The Australian government is investing $15.1 million to alleviate timber shortages in the building sector, providing supplies for the construction of up to 10,000 new houses.

The new programme will focus on timber on Kangaroo Island, located 112km southwest of Adelaide, which was impacted by fires in January 2020 and will help transport bushfire-salvaged softwood to mills.

While about 18,000 hectares were impacted in the fires, the Kangaroo Island Plantation Timbers company said most of it was salvageable with the new government assistance set to save those logs from being burned or left to rot.

The bushfire-salvaged construction-grade softwood is set to become less viable as structural timber the longer it sits unprocessed.

Federal Minister for Housing Michael Sukkar said the scheme will stimulate the construction industry and alleviate building material shortages.

“We have seen more than 135,000 HomeBuilder applications and we want to get people into their new homes as soon as possible,” he said.

“By ensuring our supply chains can support the pipeline of new builds, we are helping people get into their new homes as soon as possible.”

Thanks in part to last year’s devastating bushfires and a massive uptick in global demand for timber, prices have soared while delays in home construction have worsened.

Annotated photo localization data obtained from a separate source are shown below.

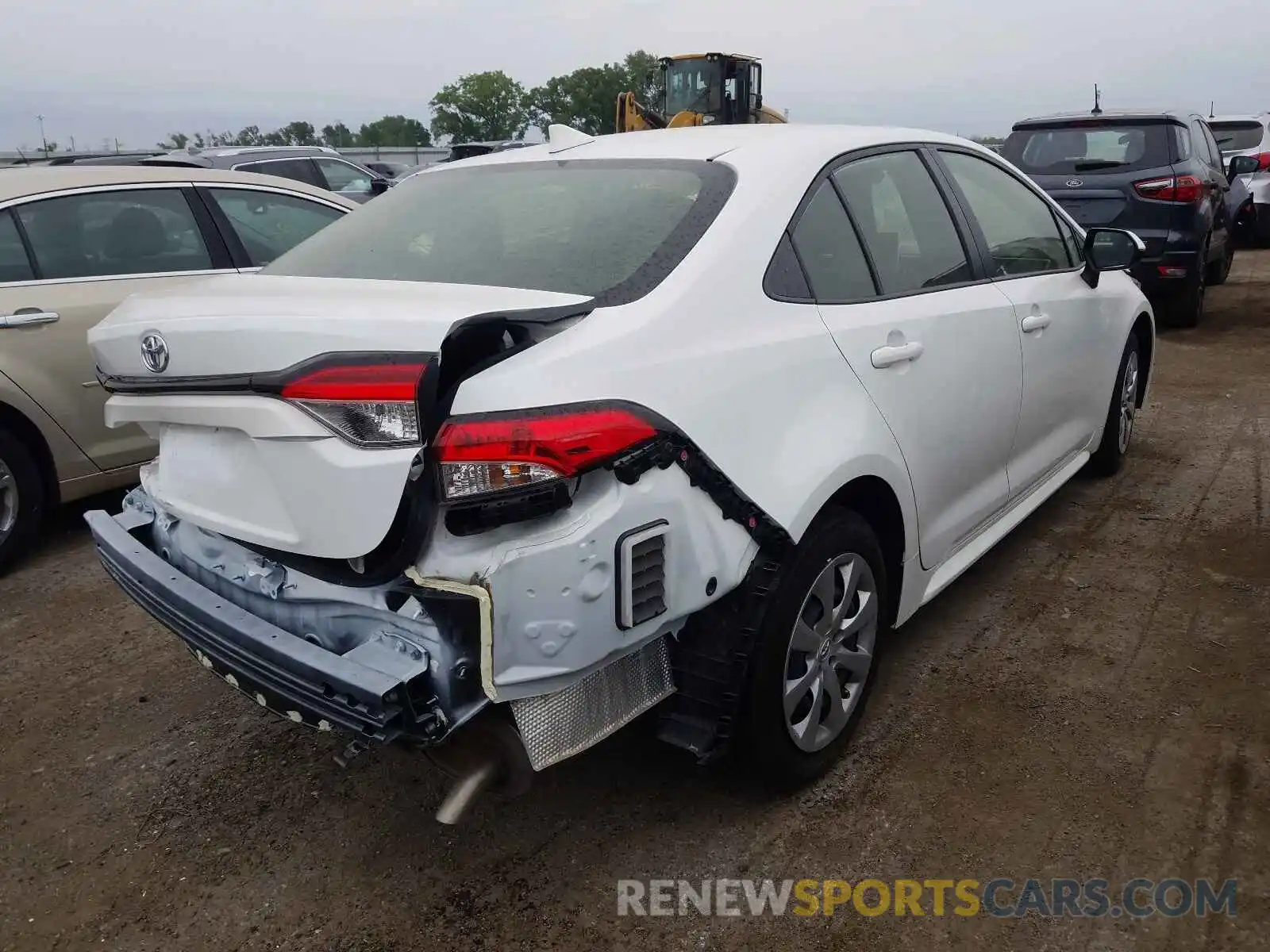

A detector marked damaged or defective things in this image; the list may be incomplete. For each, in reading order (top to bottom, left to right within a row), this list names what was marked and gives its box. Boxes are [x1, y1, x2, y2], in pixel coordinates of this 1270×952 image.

crushed rear bumper [80, 505, 486, 743]
damaged white sedan [82, 123, 1149, 819]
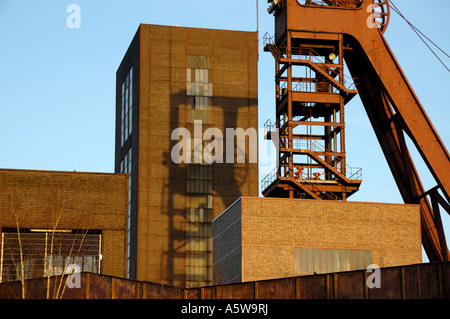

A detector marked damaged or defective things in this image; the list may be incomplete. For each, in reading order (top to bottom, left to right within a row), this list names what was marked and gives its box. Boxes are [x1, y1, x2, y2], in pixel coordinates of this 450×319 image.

rusty steel headframe [264, 0, 450, 264]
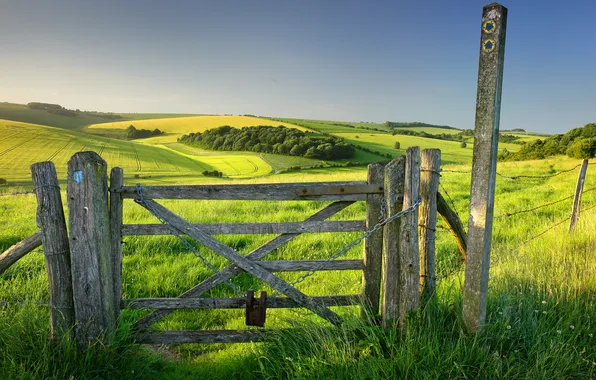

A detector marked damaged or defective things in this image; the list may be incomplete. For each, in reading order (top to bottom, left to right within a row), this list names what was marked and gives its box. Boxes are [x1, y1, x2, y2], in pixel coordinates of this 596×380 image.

rusty padlock [246, 290, 266, 326]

Managing Director of the Housing Industry Association (HIA) Graham Wolfe said constraints in the availability of building materials, such as timber, have had a significant influence on ongoing housing developments.

“Building product supply constraints have had a material impact on housing projects under construction,” he said. “They also delay the commencement of new projects coming on line.”

South Australian Minister for Primary Industries and Regional Development David Basham said the South Australian government has committed up to $3 million to bring more timber to the local housing sector, and he praised the Commonwealth Government’s new assistance package.

“This transport subsidy will maximise the amount of sawmill quality log available to local processors which will boost supply and support local jobs in our regions and across metropolitan Adelaide,” he said.

“The community now needs Kangaroo Island Plantation Timbers to open up access to its bushfire affected pine plantations for harvesting and allow local sawmills to get busy.”

Minister for Agriculture David Littleproud said the program expands on the $15 million Forestry Salvage Transport Measure, to allow for both intrastate and interstate transport of remaining bushfire-salvaged construction-grade softwood to mills in any state with the capacity to process it.